CoDi: Co-evolving Contrastive Diffusion Models for Mixed-type Tabular Synthesis

Abstract
Introduction
Background
Proposed Method
1. Co-evovling Conditional Diffusion Models
2. Contrastive Learning
3. Training & Sampling

0. Abstract

Difficulty in modeling discrete variables of tabular data

\(\rightarrow\) Propose CoDi

CoDi

Process continuous and discrete variables separately
- but being conditioned on each other
- by two diffusion models
Two diffusion models are co-evolved
- by reading conditions from each other
Introduce a contrastive learning method with a negative sampling

1. Introduction

Challenging issue in the SOTA tabular data synthesis methods

\(\rightarrow\) usually consists of mixed data types

\(\rightarrow\) pre/postprocessing of the tabular data is inevitable

( & performance is highly dependent on the pre/post-processing method )

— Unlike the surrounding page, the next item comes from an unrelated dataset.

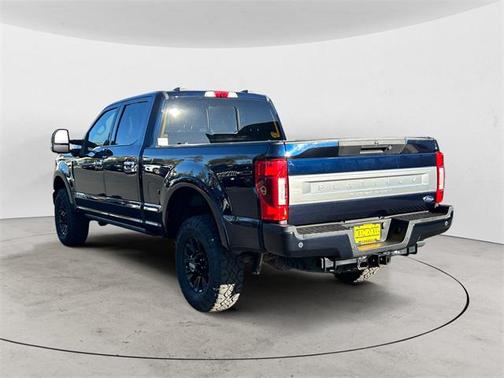 2022 Ford F-350 Platinum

The most common way (to treat discrete variables)

= sample in “continuous spaces” after their one-hot encoding

Problems?

(1) May lead to sub-optimal results due to sampling mistakes.
(2) When continuous and discrete variables are processed in a same manner, it is likely that inter-column correlations are compromised in the learned distribution.

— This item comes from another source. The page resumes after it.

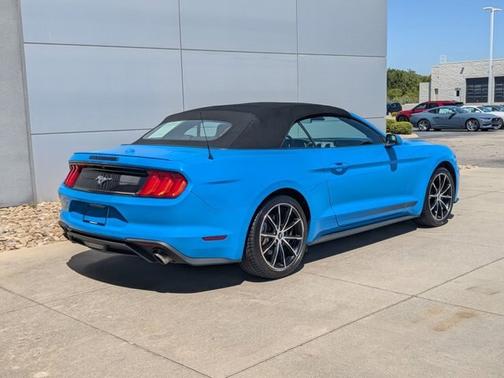 2022 Ford Mustang ECOBOOST PREMIUM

\(\rightarrow \therefore\) Interested in processing continuous and discrete variables in more robust ways

CoDi

Incorporates two diffusion models
- (1) For continuous variables
  - works in a continuous space
- (2) For categorical variables
  - works in a discrete space
Two design points
- (1) co-evolving conditional diffusion models
- (2) contrastive training for better connecting them

Notation

\(\mathbf{x}_0=\left(\mathbf{x}_0^C, \mathbf{x}_0^D\right)\), which consists of continuous and discrete values
\(\mathbf{x}_t=\left(\mathbf{x}_t^C, \mathbf{x}_t^D\right)\) : diffused sample at step \(t\).

a) Co-evolving conditional diffusion models

Read conditions from each other

[Forward]

Simultaneously perturb continuous and discrete variables at each forward step
- Continuous (resp. discrete) model reads the perturbed discrete (resp. continuous) sample as a condition at the same time step.

[Reverse]

Model denoises the sample \(\mathrm{x}_t^C\) (resp. \(\mathbf{x}_t^D\) ) conditioned both on the continuous sample \(\mathbf{x}_{t+1}^C\) and discrete sample \(\mathbf{x}_{t+1}^D\) from its previous step.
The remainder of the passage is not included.